34. Opernfestspiele: Georges Bizets Oper „Carmen“ feiert mit bunten Massenszenen in der Bad Hersfelder Stiftsruine Premiere

Liebe und Tod vor alten Mauern

Prächtige Kulisse: Ensembleszene aus „Carmen“. Foto:  Hartmann

Bad hersfeld. Wenn weiblicher Freiheitsdrang und männliche Besitzgier aufeinanderprallen, wird es böse enden. Don José ersticht Carmen, die ihm den Ring vor die Füße geknallt hat. Derweil bringt in der Arena sein Nebenbuhler Escamillo den Stier zur Strecke. Liebe und Tod – ein untrennbares Paar in der tragischen Überhöhung, wie sie die Oper liebt.

Man kann Georges Bizets „Carmen“ als Revolutionswerk über eine starke Frau oder als reißerische Männerfantasie deuten, auf jeden Fall eroberte die Oper nach der kühl aufgenommenen Uraufführung 1875 rasch die Welt. Ihre Wirkung verfehlte sie auch nicht bei der Eröffnung der 34. Bad Hersfelder Opernfestspiele.

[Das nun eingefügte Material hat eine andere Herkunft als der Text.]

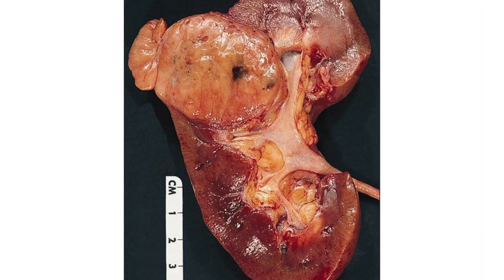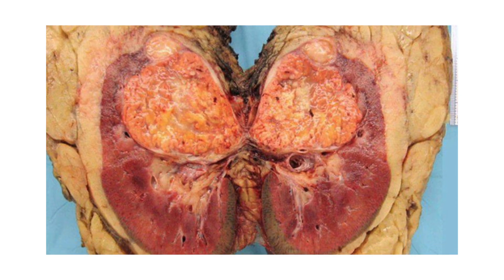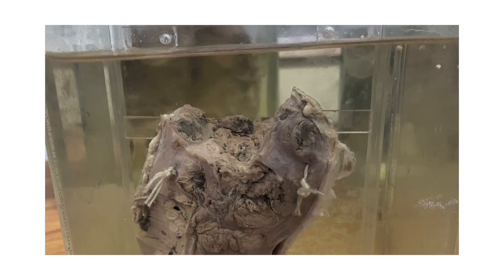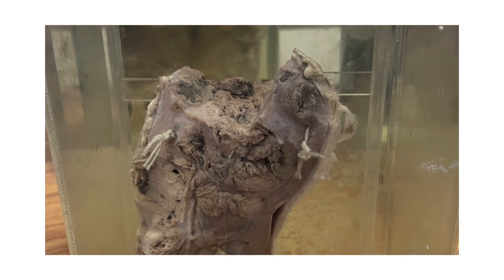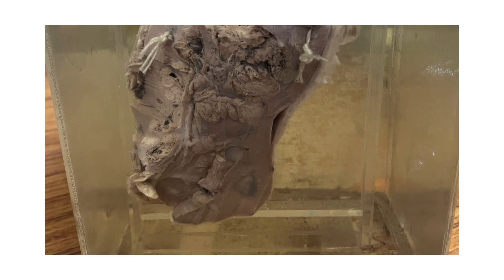Most likely the specimen is of renal cell carcinoma, which is the malignant transformation of the tubular cells lining the kidney. It is characterized by a large, solitary, golden yellowish and circumscribed tumor, most commonly affecting the upper pole of the kidney. It is usually unilateral. The tumor, once developed, would eventually grow and compress the calyces and renal pelvis in the lower poles as well.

„Carmen“ in der Stiftsruine – das bedeutet buntes Treiben jenseits modernistischer Regie und eine beeindruckende Kulisse. In der Inszenierung von Rainer Wenke tummeln sich Soldaten, Tabakfabrik-Arbeiterinnen, Kneipen- und Stierkampfbesucher, ein auch altersmäßig gemischtes Völkchen. Der große Chor weiß stimmlich zu überzeugen, Sympathiepunkte sammelt der Kinderchor des Bach-Hauses Bad Hersfeld, weitere Jugend kommt von der Tanz- & Ballettschule Michèle Meckbach.

Hübsch dargestellt ist die weibliche Begeisterung angesichts des Toreros Escamillo, den die Mädels wie einen Popstar bejubeln. Ein prächtiges Tableau zu vorgerückter Stunde: das Finale mit dem Einzug der Stierkämpfer und blutrot beleuchteten alten Mauern.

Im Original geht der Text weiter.